» Directions: Below are the records; give again exactly the line with "Foto del edificio - 5640 Cherilee Ln", the line with "Ett fartyg på", and each line that lies between them, and nothing besides.

(Supplied material)

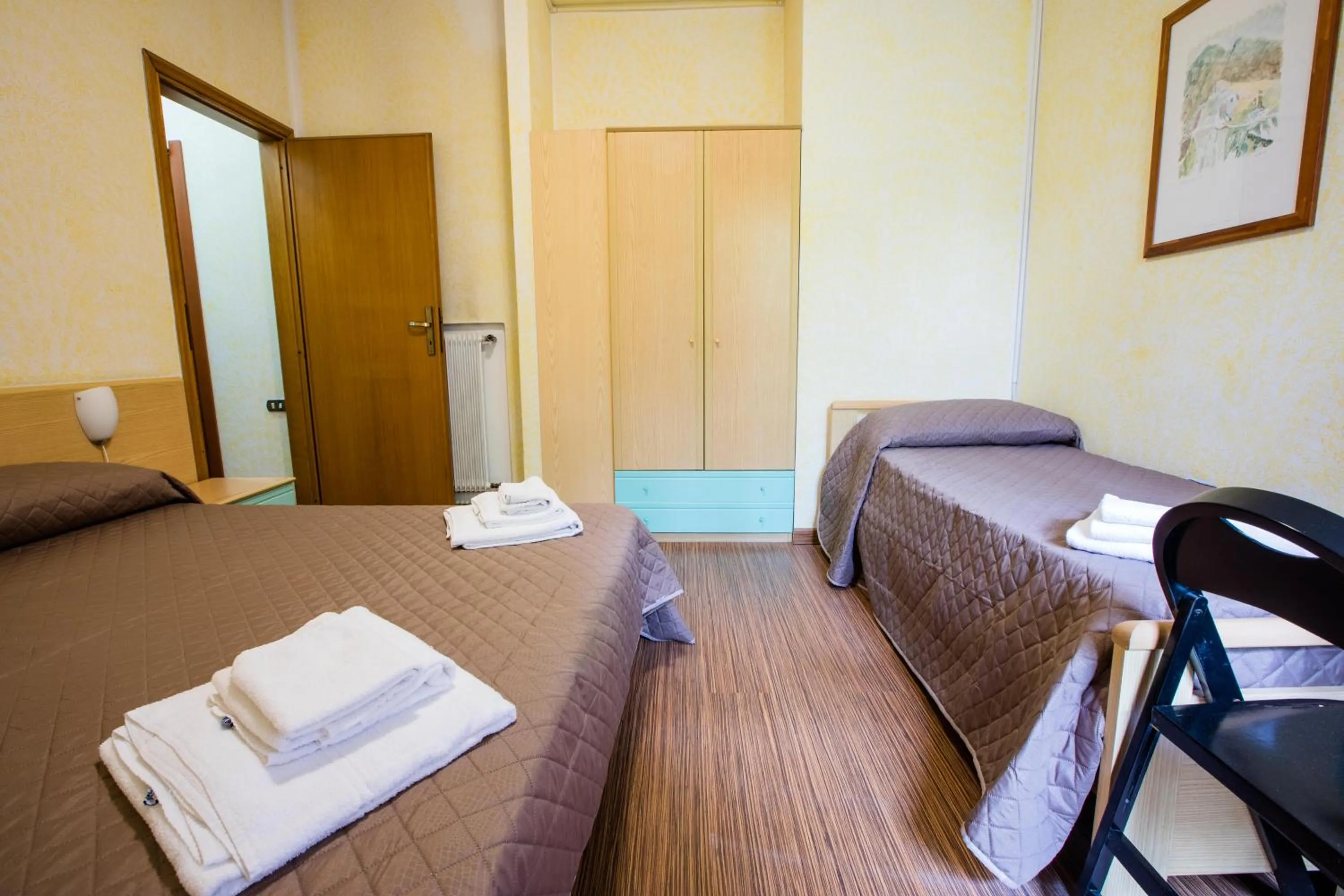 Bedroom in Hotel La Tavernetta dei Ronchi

(End Supplied material)
(Supplied material)

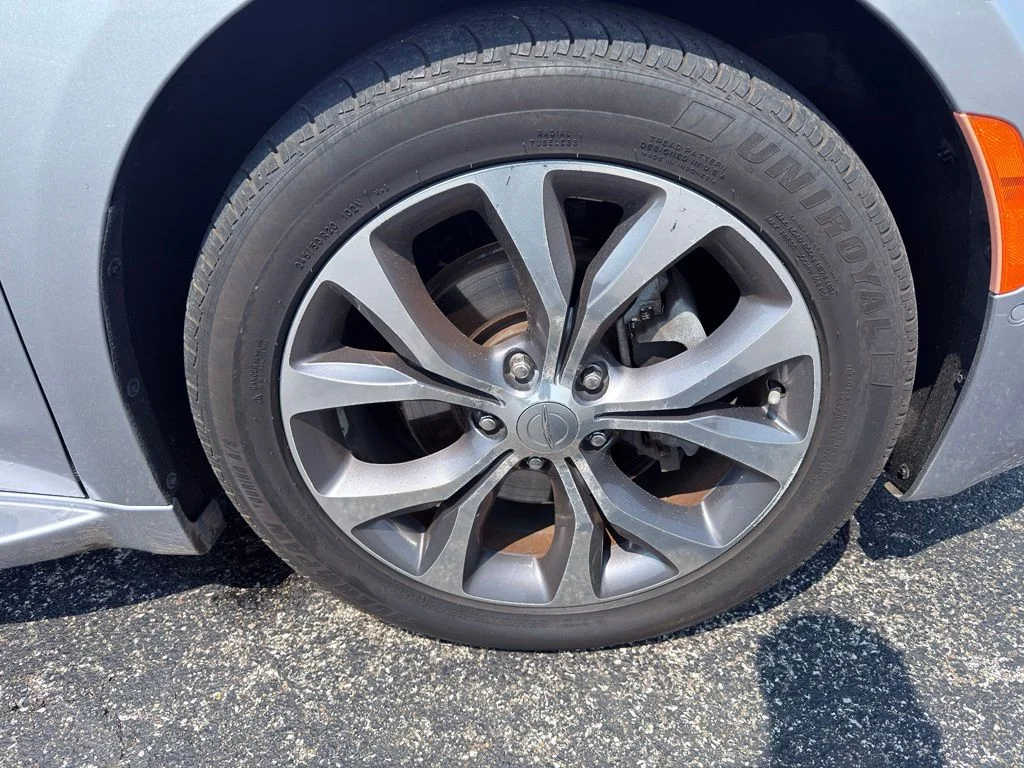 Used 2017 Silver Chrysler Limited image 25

(End Supplied material)
(Supplied material)

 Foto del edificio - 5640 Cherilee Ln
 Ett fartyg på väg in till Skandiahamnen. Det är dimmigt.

(End Supplied material)

» Exercise response:
 Foto del edificio - 5640 Cherilee Ln
 Ett fartyg på väg in till Skandiahamnen. Det är dimmigt.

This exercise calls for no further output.